## Instructions for the task
Once you find the line with "YBB64 Simple and" in the data that follows, repeat it and every line after it exactly, through the line with "Audi Q3 2023 Audi Q3 2023 car image".

## Records for processing
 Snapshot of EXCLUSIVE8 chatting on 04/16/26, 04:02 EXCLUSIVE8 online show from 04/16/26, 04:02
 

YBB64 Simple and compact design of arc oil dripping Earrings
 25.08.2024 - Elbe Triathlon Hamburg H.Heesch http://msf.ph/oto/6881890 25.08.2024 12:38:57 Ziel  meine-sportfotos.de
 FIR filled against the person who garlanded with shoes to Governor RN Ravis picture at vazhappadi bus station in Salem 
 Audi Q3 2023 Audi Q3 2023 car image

...

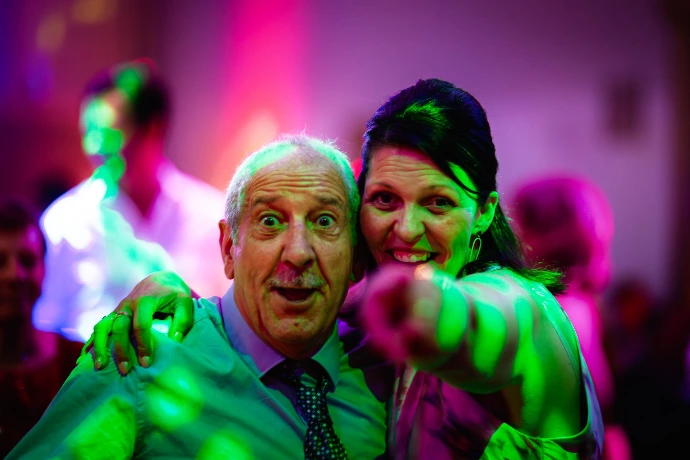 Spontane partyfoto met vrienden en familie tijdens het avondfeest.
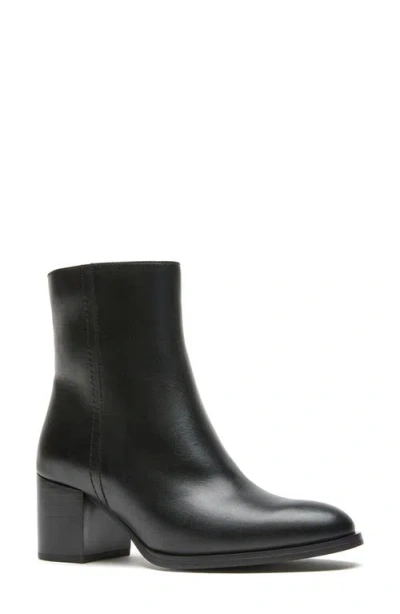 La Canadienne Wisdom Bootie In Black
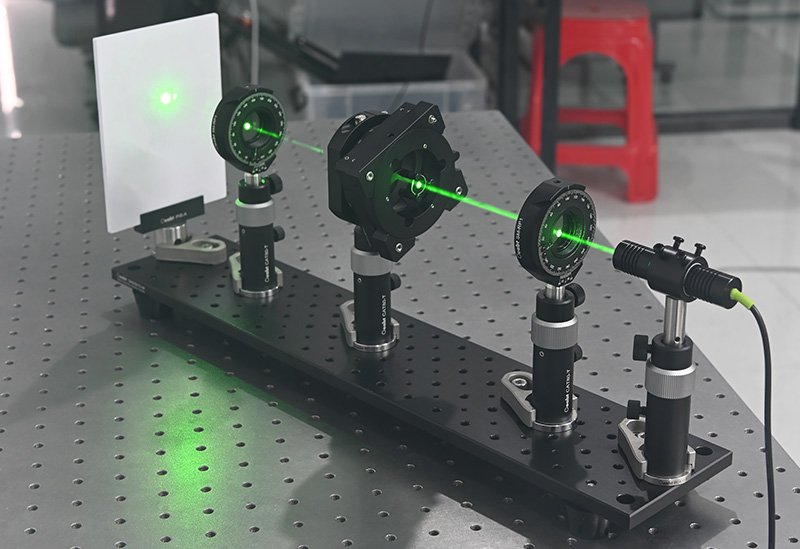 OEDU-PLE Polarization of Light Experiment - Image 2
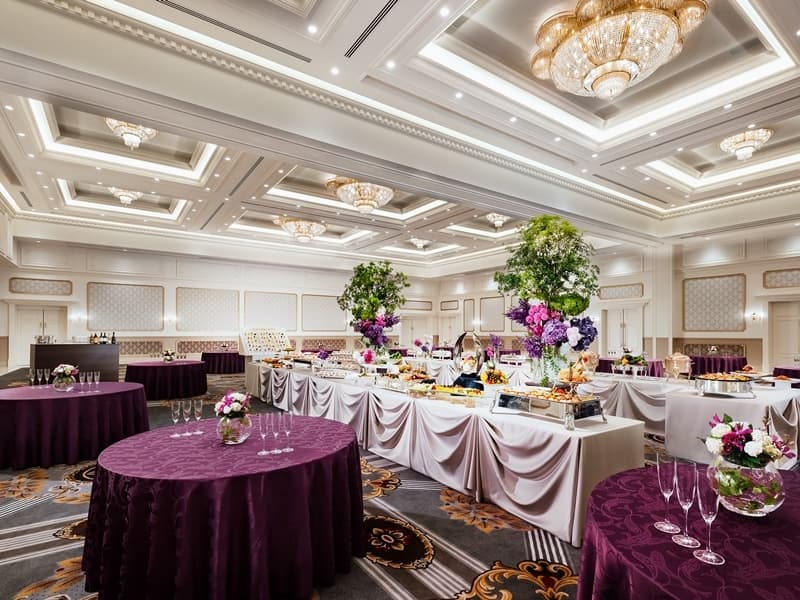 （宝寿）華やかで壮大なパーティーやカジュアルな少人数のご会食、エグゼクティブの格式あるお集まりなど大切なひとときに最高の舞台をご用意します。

--

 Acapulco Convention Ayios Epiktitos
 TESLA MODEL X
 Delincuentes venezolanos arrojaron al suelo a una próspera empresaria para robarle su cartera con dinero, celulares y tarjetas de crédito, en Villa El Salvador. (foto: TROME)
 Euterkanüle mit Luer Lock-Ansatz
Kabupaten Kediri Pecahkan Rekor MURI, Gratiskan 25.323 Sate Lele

## Answer to this task
YBB64 Simple and compact design of arc oil dripping Earrings
 25.08.2024 - Elbe Triathlon Hamburg H.Heesch http://msf.ph/oto/6881890 25.08.2024 12:38:57 Ziel  meine-sportfotos.de
 FIR filled against the person who garlanded with shoes to Governor RN Ravis picture at vazhappadi bus station in Salem 
 Audi Q3 2023 Audi Q3 2023 car image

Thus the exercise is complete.